--- DESCRIPTION OF THE TASK ---
When you reach the line that contains "Volvió a descarrilar" in the data below, start reproducing lines exactly, and stop after the line that contains "[Grace Jewelry]FORCE 10".

--- TASK DATA ---
= = =
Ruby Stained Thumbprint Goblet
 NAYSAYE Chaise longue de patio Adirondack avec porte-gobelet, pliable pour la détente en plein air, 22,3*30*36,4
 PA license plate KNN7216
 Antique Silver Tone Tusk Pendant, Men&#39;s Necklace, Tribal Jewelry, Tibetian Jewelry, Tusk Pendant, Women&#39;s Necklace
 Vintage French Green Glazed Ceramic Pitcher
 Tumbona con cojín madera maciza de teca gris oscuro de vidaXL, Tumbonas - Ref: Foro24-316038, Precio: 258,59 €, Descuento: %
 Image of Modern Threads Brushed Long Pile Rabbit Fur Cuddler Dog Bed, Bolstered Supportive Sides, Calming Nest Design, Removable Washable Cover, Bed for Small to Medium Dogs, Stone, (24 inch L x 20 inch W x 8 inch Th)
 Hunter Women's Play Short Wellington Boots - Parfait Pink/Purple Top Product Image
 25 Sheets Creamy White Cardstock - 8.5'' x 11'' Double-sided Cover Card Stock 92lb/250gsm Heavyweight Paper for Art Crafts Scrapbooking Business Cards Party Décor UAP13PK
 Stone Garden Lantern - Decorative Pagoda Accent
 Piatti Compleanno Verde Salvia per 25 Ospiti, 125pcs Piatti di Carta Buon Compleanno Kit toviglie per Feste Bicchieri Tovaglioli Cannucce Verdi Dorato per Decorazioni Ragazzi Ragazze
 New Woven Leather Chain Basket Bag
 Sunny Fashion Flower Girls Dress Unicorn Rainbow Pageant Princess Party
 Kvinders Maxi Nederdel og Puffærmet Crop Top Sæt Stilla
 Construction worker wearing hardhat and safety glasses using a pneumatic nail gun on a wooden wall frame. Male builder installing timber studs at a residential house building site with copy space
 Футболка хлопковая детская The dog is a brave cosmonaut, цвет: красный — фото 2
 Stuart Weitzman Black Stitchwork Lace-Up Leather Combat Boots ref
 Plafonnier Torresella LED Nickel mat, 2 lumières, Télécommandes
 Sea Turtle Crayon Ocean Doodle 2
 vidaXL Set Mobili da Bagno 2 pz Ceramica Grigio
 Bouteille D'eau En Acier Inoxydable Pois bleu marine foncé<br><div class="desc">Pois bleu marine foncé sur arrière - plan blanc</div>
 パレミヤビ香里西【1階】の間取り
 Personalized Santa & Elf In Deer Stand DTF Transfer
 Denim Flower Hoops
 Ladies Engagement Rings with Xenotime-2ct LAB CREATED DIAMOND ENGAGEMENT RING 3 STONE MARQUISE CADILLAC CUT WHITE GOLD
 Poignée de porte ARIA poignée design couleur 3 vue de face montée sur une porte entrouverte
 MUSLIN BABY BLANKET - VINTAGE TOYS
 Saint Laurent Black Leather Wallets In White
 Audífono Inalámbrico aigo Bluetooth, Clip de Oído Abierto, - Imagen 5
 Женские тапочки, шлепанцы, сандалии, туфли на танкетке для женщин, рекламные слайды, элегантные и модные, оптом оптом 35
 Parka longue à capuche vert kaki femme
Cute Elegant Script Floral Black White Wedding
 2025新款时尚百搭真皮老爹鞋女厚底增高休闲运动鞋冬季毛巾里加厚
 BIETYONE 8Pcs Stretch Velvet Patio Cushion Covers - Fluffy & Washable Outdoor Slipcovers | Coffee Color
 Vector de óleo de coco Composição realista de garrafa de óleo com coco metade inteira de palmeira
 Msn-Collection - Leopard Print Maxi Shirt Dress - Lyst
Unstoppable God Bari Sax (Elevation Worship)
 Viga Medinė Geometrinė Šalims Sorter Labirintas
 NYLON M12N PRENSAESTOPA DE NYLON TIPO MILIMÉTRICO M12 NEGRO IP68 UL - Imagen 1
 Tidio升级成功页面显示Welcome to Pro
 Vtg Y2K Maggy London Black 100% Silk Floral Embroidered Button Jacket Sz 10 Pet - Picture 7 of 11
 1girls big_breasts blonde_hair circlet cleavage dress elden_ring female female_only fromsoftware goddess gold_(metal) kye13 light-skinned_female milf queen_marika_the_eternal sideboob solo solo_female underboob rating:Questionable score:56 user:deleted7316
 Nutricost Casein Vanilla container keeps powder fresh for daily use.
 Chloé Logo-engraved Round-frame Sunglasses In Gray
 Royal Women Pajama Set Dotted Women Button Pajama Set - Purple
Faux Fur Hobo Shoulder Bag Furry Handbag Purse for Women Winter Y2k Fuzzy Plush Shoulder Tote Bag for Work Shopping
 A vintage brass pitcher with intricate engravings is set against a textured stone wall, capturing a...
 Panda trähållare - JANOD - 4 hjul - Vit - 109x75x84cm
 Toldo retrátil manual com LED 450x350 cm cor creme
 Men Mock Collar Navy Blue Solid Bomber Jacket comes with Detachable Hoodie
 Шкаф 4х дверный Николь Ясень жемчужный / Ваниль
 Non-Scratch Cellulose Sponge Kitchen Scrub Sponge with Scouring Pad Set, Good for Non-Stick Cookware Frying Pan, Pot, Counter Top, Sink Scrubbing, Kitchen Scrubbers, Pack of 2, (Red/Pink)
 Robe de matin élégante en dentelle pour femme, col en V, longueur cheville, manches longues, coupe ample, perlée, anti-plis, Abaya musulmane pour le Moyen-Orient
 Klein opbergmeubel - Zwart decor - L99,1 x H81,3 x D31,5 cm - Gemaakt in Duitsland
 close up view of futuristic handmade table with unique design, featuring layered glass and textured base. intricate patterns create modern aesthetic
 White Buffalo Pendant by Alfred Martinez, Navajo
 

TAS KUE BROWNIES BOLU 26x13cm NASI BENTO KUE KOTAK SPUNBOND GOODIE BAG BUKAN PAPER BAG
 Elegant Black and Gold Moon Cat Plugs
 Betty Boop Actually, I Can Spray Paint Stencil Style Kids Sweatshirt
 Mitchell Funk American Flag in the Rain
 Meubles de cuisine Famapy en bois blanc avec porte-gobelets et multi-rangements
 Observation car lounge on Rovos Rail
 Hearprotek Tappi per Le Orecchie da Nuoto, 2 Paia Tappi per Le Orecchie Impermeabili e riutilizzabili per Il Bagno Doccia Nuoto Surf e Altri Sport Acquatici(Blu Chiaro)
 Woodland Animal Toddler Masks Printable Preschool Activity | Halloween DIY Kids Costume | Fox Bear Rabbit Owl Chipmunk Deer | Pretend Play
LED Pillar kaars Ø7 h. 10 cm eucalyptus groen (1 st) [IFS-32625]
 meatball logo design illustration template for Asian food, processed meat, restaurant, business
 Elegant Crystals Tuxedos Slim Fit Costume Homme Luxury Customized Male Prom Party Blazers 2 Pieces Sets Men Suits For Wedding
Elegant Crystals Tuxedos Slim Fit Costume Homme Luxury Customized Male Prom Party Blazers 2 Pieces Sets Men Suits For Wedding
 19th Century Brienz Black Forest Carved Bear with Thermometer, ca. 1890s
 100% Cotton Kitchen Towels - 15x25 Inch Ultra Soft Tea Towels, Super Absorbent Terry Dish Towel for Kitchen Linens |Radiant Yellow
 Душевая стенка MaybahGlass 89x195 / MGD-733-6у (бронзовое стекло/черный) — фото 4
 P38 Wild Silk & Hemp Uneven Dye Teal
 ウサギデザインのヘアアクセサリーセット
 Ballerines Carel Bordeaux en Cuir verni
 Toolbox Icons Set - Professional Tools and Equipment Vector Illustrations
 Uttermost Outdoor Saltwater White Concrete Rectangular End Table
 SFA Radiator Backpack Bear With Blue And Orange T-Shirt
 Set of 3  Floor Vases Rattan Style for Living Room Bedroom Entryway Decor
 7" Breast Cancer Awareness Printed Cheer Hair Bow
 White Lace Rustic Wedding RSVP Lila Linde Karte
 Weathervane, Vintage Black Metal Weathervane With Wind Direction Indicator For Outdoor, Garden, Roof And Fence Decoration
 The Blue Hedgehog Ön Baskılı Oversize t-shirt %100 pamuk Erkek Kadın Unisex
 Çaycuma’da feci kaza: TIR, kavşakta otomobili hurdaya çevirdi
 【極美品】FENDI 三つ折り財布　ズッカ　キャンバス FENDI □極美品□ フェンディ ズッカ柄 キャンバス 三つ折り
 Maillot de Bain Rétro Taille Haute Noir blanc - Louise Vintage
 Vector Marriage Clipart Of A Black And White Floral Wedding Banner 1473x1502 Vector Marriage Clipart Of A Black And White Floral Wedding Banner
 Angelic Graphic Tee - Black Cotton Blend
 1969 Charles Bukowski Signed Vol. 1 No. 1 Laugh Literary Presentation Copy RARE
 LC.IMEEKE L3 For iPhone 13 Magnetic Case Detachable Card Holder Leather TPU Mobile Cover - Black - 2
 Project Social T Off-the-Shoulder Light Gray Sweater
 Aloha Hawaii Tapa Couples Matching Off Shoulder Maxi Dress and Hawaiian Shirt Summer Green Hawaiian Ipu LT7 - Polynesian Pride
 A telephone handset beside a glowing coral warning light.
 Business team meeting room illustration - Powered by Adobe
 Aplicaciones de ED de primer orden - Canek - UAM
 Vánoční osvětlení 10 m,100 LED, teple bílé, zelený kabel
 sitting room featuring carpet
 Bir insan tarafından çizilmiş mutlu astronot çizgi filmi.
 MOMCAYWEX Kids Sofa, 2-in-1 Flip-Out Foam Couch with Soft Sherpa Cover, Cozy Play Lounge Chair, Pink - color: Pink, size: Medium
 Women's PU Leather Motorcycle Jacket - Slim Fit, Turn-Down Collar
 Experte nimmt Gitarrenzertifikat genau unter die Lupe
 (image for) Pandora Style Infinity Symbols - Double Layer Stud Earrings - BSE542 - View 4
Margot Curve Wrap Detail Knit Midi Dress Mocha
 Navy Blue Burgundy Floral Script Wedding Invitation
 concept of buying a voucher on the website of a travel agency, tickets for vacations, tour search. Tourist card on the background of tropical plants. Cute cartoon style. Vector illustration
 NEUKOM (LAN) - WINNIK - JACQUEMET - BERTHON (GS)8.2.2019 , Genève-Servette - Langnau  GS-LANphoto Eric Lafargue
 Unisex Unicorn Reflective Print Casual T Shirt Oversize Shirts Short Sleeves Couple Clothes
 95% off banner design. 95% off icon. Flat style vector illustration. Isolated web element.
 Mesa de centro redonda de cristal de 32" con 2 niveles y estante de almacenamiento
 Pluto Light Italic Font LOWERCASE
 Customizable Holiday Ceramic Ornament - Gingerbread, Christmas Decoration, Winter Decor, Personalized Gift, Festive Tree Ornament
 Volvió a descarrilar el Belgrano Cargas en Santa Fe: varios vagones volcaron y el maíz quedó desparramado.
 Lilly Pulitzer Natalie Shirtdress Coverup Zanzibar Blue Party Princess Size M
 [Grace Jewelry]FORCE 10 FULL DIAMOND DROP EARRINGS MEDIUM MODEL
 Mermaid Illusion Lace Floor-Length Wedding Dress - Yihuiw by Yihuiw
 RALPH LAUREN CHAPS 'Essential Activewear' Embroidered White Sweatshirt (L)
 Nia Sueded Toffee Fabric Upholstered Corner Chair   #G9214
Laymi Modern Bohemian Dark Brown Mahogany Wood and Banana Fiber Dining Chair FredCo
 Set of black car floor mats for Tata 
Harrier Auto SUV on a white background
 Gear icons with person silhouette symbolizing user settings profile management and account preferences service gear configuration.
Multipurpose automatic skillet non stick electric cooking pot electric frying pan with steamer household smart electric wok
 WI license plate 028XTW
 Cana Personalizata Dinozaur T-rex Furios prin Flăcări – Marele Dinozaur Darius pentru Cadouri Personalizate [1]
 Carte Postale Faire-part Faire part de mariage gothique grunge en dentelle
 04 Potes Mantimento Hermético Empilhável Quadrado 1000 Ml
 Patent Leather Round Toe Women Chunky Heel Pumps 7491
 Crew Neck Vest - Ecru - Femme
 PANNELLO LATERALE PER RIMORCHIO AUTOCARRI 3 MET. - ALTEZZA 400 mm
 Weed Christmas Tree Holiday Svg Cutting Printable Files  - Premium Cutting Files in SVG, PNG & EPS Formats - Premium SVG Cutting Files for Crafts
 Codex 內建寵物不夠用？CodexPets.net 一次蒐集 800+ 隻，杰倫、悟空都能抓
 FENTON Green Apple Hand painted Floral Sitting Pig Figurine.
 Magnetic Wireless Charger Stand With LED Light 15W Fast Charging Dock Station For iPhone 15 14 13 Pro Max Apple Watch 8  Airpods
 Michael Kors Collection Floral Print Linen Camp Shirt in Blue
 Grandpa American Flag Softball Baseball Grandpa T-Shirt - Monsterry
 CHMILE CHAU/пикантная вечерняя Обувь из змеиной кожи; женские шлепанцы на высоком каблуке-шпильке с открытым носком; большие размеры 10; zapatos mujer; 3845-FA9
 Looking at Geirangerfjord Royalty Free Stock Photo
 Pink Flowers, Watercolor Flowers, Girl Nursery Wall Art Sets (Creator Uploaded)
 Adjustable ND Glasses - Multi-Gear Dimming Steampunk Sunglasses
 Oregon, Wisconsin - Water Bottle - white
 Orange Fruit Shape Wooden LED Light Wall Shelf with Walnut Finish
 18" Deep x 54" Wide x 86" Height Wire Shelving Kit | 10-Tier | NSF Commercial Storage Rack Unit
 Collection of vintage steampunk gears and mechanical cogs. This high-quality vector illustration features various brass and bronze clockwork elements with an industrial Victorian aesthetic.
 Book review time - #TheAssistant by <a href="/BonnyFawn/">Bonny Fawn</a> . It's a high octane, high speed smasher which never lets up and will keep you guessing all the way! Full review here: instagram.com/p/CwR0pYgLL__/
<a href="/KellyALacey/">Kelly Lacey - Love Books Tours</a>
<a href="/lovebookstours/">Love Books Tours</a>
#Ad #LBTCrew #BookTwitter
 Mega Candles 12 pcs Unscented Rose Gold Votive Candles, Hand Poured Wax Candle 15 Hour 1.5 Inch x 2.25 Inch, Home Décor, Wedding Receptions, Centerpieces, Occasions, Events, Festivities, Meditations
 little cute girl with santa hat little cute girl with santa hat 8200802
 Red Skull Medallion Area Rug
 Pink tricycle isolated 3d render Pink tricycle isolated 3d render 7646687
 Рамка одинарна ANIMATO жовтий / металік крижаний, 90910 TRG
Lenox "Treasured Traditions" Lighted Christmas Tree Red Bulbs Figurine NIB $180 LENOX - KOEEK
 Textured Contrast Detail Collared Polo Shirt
= = =
--- TASK OUTPUT ---
 Volvió a descarrilar el Belgrano Cargas en Santa Fe: varios vagones volcaron y el maíz quedó desparramado.
 Lilly Pulitzer Natalie Shirtdress Coverup Zanzibar Blue Party Princess Size M
 [Grace Jewelry]FORCE 10 FULL DIAMOND DROP EARRINGS MEDIUM MODEL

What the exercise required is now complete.